What is maximal ideal $\mathbb{Z}_{(p)}$ ? And how it is calculated? Also why $\mathbb{Z}_{(p)}/p\mathbb{Z}_{(p)} = \mathbb{F}_p.$?
I know $p\mathbb{Z}_{(p)}$ is maximal ideal for $\mathbb{Z}_{(p)}$ but how? I know $\mathbb{Z}_{(p)} $ is local so it has unique maximal ideal .
On
You have the local ring $$\mathbb Z_{(p)} = \{ \frac{a}{b} : a, b \in\mathbb Z, p \nmid b\}$$ with its unique maximal ideal $$p\mathbb Z_{(p)} = \{ \frac{a}{b} : a, b \in \mathbb Z, p \mid a, p \nmid b\}$$
By definition, $\mathbb F_p$ is the quotient ring $\mathbb Z/p\mathbb Z$.
Consider the composition $\phi$ of ring homomorphisms
$$\mathbb Z \rightarrow \mathbb Z_{(p)} \rightarrow \mathbb Z_{(p)}/p\mathbb Z_{(p)}$$
Show that $\phi$ is surjective, and that the kernel is $p\mathbb Z$. The first isomorphism theorem induces an isomorphism of $\mathbb Z/p\mathbb Z = \mathbb F_p$ with $\mathbb Z_{(p)}/p\mathbb Z_{(p)}$.
On
If $A$ is a commutative ring and $P$ is a prime ideal of $A$, then the unique maximal ideal of $A_P$ is $$ P_P=\left\{\frac{a}{b}:a\in P,b\notin P\right\}=PA_P $$ That this is an ideal is obvious; if $a/b\notin PA_P$, then $a\notin P$, so $(a/b)^{-1}=b/a$. Thus $A_P$ is local with maximal ideal $P_P$.
The quotient ring $A_P/P_P$ is isomorphic to $A/P$. More precisely, the ring homomorphism $$ A\to A_P/P_P,\qquad a\mapsto \frac{a}{1}+P_P $$ is (obviously) surjective and its kernel is $P$; indeed, $a/1\in P_P$ means there exist $r\in P$ and $s\notin P$ with $$ \frac{a}{1}=\frac{r}{s} $$ so there is $t\notin P$ with $ast=rt$. Since $rt\in P$ and $st\notin P$, it follows that $a\in P$.
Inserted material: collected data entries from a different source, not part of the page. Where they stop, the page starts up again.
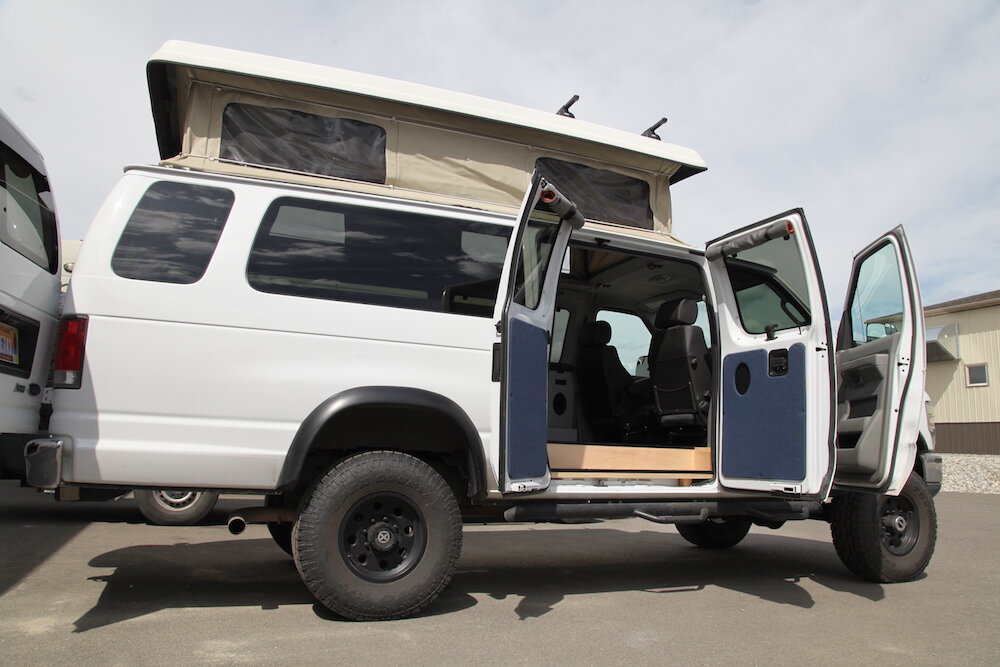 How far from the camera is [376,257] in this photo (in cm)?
394

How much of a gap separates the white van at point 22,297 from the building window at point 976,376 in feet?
84.8

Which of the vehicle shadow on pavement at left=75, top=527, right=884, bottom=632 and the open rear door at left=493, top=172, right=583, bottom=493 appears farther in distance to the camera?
the vehicle shadow on pavement at left=75, top=527, right=884, bottom=632

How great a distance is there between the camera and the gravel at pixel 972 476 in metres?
Result: 15.6

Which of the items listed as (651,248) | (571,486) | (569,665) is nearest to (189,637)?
(569,665)

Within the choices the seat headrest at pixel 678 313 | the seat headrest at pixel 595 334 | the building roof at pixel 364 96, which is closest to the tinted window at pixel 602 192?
the building roof at pixel 364 96

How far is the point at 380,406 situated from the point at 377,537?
672mm

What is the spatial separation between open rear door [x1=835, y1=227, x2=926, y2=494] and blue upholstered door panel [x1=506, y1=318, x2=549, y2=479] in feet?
7.33

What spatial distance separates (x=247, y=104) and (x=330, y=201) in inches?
32.1

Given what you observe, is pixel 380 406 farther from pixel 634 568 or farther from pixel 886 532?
pixel 886 532

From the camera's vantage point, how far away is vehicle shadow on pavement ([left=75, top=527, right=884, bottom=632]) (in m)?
4.02

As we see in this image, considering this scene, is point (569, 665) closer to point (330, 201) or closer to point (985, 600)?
point (330, 201)

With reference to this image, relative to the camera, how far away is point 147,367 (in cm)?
338

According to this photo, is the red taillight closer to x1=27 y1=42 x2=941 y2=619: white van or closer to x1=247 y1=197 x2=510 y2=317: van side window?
x1=27 y1=42 x2=941 y2=619: white van

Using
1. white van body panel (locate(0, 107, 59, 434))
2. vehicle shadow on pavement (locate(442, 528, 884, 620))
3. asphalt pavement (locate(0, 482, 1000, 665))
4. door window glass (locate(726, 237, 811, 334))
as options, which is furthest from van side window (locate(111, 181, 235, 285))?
door window glass (locate(726, 237, 811, 334)) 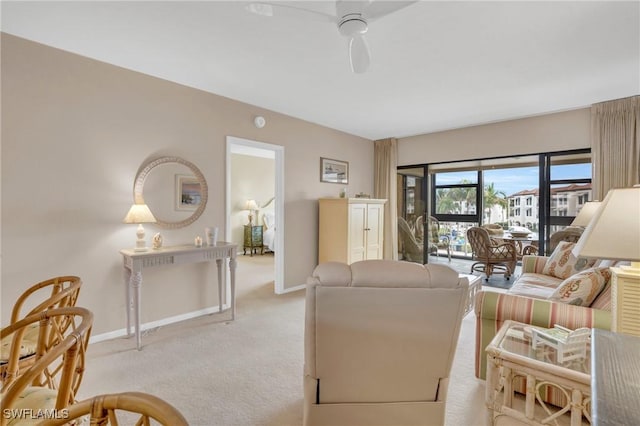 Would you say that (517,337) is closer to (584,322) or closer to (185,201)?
(584,322)

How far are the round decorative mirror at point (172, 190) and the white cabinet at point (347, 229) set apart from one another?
1916 millimetres

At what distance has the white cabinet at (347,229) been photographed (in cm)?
447

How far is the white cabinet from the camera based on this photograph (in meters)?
4.47

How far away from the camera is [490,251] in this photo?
4.94 meters

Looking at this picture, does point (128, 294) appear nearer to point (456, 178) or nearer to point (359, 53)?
point (359, 53)

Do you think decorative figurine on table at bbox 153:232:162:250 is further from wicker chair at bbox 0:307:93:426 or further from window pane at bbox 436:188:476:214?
window pane at bbox 436:188:476:214

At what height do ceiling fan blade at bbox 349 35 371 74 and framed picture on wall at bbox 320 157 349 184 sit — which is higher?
ceiling fan blade at bbox 349 35 371 74

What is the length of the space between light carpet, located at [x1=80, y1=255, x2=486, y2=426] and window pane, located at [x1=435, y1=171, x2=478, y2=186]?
110 inches

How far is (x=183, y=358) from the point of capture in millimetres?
2482

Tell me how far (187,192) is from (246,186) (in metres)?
4.67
In fact $A_{(p)}$ is a local ring, i.e. it has a unique maximal ideal of the form $$ m_p=\{ \frac {p}{s} ; p\in (p), s\in A-(p) \} $$ to see that $m_p$is maximal ideal, every element of $A_{(p)}$ not in $m_p$ is the form $\frac{s'}{s}$ with $s'\in A-(p)$, and so has an inverse $\frac{s}{s'}$ and is hence a unit.